La France, seule puissance nucléaire de l’Union européenne, se retrouve ainsi dans une position à la fois centrale et inconfortable. La France, par sa longue tradition d’autonomie stratégique, a un rôle déterminant à jouer dans la construction d’une véritable Europe de la défense. Mais sa situation budgétaire et les controverses autour d’interventions extérieures montrent que la puissance militaire reste nécessaire mais insuffisante pour garantir l’influence politique dans un monde multipolaire.
La Russie, l’Ukraine et le temps qui presse
Pendant que l’Europe débat, les menaces, elles, n’attendent pas. En multipliant les incursions de drones et les actes de sabotage sur une portion toujours plus large du territoire européen, Vladimir Poutine fait courir le risque d’une escalade impliquant plusieurs puissances nucléaires. Pour financer la résistance ukrainienne, une solution créative a émergé côté français : Macron a permis de sauver l’UE d’une impasse en offrant la solution d’un prêt de 90 milliards d’euros à l’Ukraine par le biais d’un emprunt de type Covid sur le budget de l’UE.

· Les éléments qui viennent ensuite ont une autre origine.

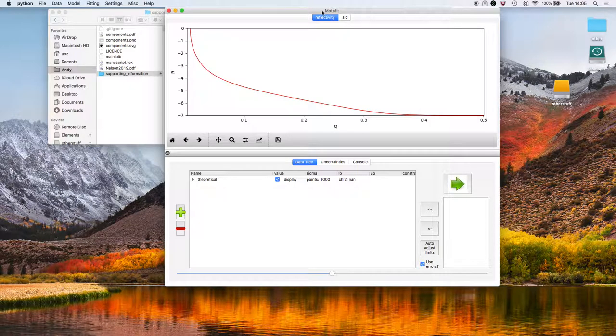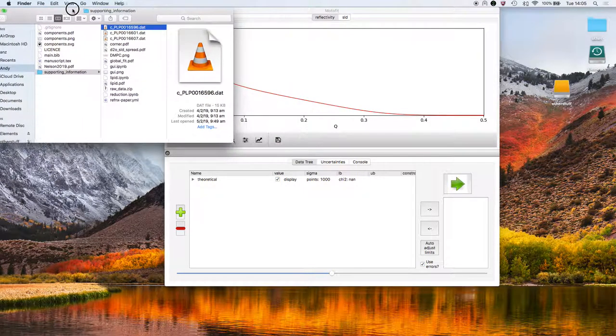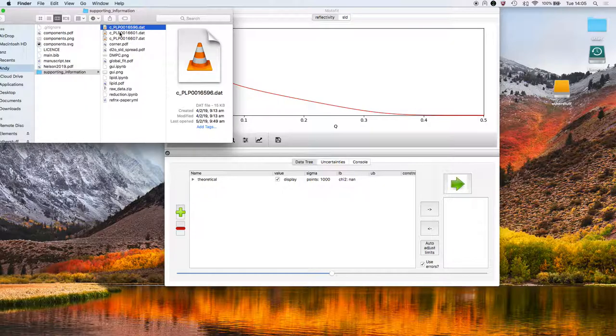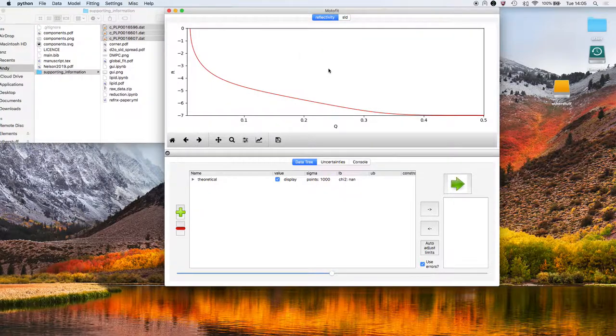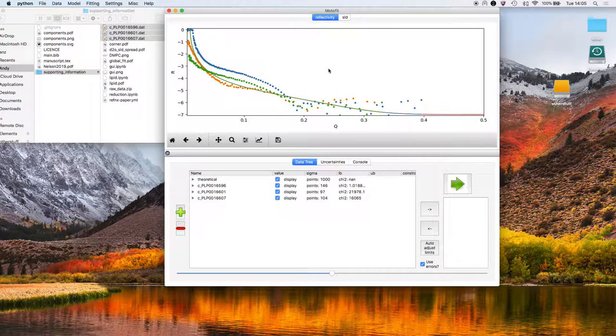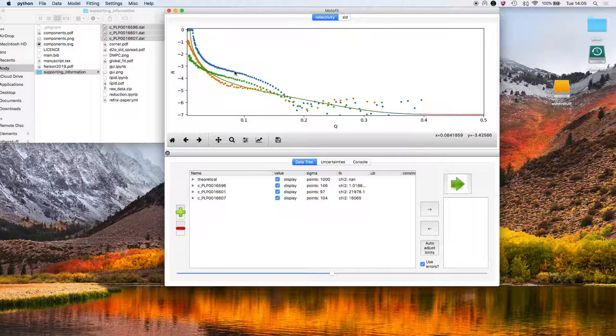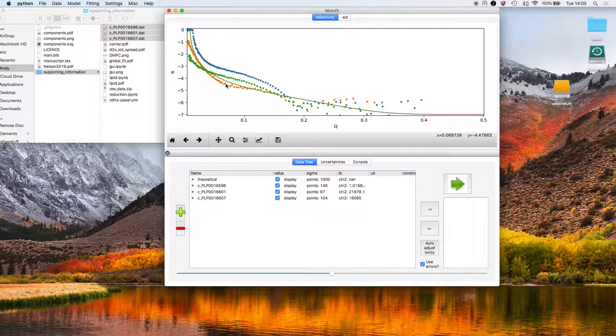What we're going to do in this tutorial is fit three lipid bilayer datasets. They're DMPC. We'll select the datasets we want to load, drag them into the app. These are the three different contrasts that were measured in D2O, in 2.07 and in pure water.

L’arrimage de l’industrie européenne à l’Ukraine apparaît de plus en plus comme une piste stratégique cohérente. Faire de Kiev non seulement un bénéficiaire mais un partenaire industriel de défense permettrait de mutualiser les leçons d’un conflit de haute intensité unique depuis 1945.
2026, l’année charnière
2026 pourrait marquer l’entrée dans une décennie où les pays européens devront choisir entre résignation stratégique et construction active d’une souveraineté de défense crédible, idéalement de manière coordonnée. L’argent est là, la volonté politique semble enfin réelle, mais la cohérence fait encore défaut. Entre les industries nationales qui défendent leurs périmètres historiques, les achats court-termistes hors d’Europe, et les divergences doctrinales sur la place du nucléaire et de l’OTAN, le chantier de l’autonomie stratégique européenne ressemble encore à un puzzle dont chaque État tente de garder ses propres pièces.
L’Histoire jugera si 2026 fut l’année où l’Europe prit enfin son destin en main ou celle où elle laissa passer la dernière fenêtre de lucidité stratégique avant qu’il ne soit trop tard.